賀曽利隆 STILL ON THE ROAD !

世界を駆けるバイクライダー・賀曽利隆(かそりたかし)。地球をくまなく走り続けるカソリの”旅の軌跡”をまとめていきます。

カソリの島旅(79)生名島(愛媛)

(『ジパングツーリング』2002年5月号 所収)

 尾道駅前の「尾道第一ホテル」で朝食を食べ、7時30分に出発。尾道大橋で向島に渡り、さらに因島大橋で因島へ。

 広島県の向島と因島は「本州西部編」ですでに紹介したが、因島の土生(はぶ)港まで行き、そこから対岸の愛媛県側の島々に渡った。

 土生港に隣合った長崎港からは生名島に1日49便、弓削島には1日28便といった具合で頻繁にフェリーが出ている。そのほか土生港からの便もある。

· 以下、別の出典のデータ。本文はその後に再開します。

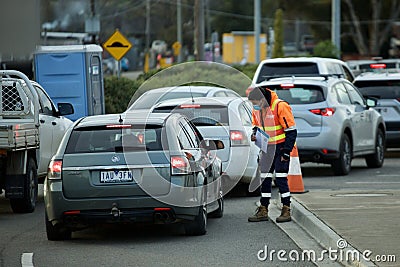 Drivers wait to get tested for Covid-19 at coronavirus drive through testing site in Melbourne Editorial Stock Photo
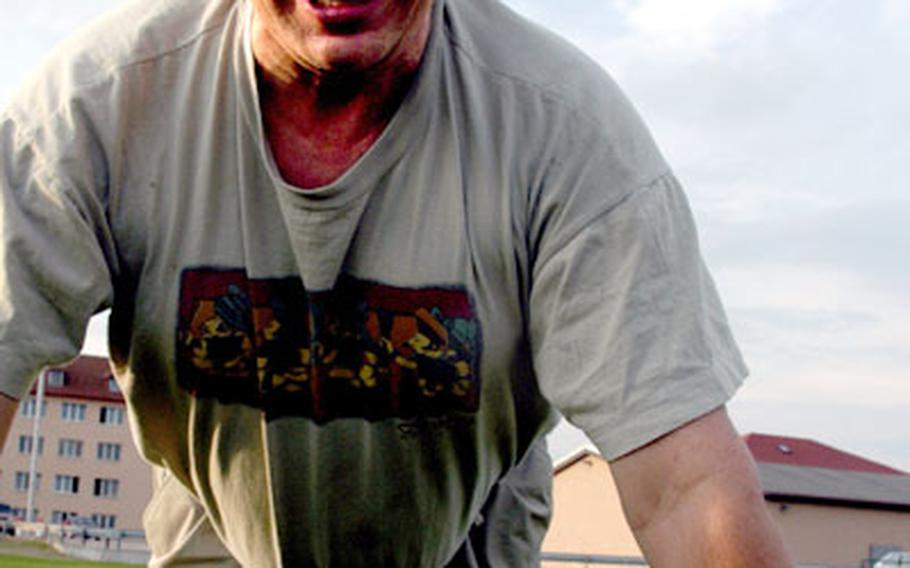 Gene Hickmann, 55, aims for 15 push-ups.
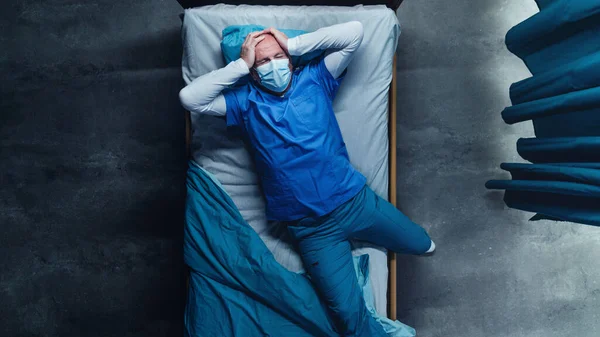 Vedere de top a medicului frustrat întins pe pat în spital, conceptul de coronavirus . — Fotografie, imagine de stoc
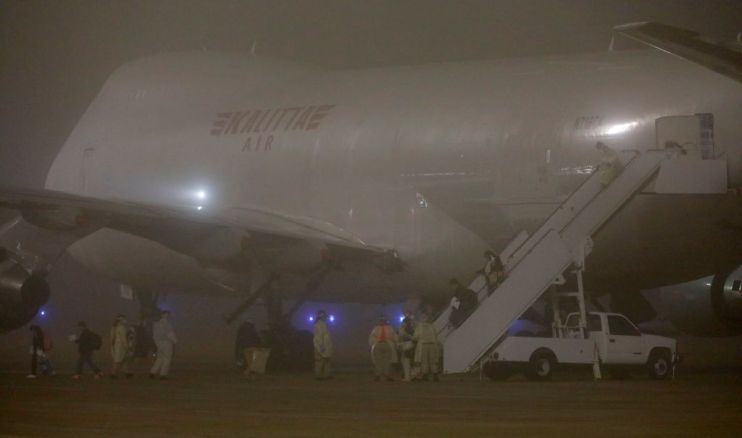 American evacuees from the Diamond Princess cruise ship arrive at a military base in Texas. Those with coronavirus face a military quarantine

 芸予諸島とはよくいったもので、島々はまさに安芸(広島県)と伊予(愛媛県)にまたがっている。そのような無数の島々の間には芸予の国境、広島愛媛の県境などは無いにも等しいようなものだ。

 まずは目の前に見えている生名島に渡る。

 フェリー代はSMXと合わせて150円という安さ。長崎港から対岸の立石港まではわずか5分でしかない。

 立石港を出発点にし、時計回りで生名島を一周する。

 対岸には因島の造船所が見える。弓削島もすぐそこだ。弓削島と橋でつながっている佐島も手の届きそうな距離にある。

 すごい光景だ。

 これが瀬戸内海!

 これほど島々が密集している地域はほかにない。

 生名島の南端を過ぎると赤穂根島、岩城島と見る。

 岩城島最高峰の、とがった三角形の積善山(370m)がきわだった目立ち方をしている。こうして生名島を一周し、立石港に戻った。「生名島一周」は8キロだった。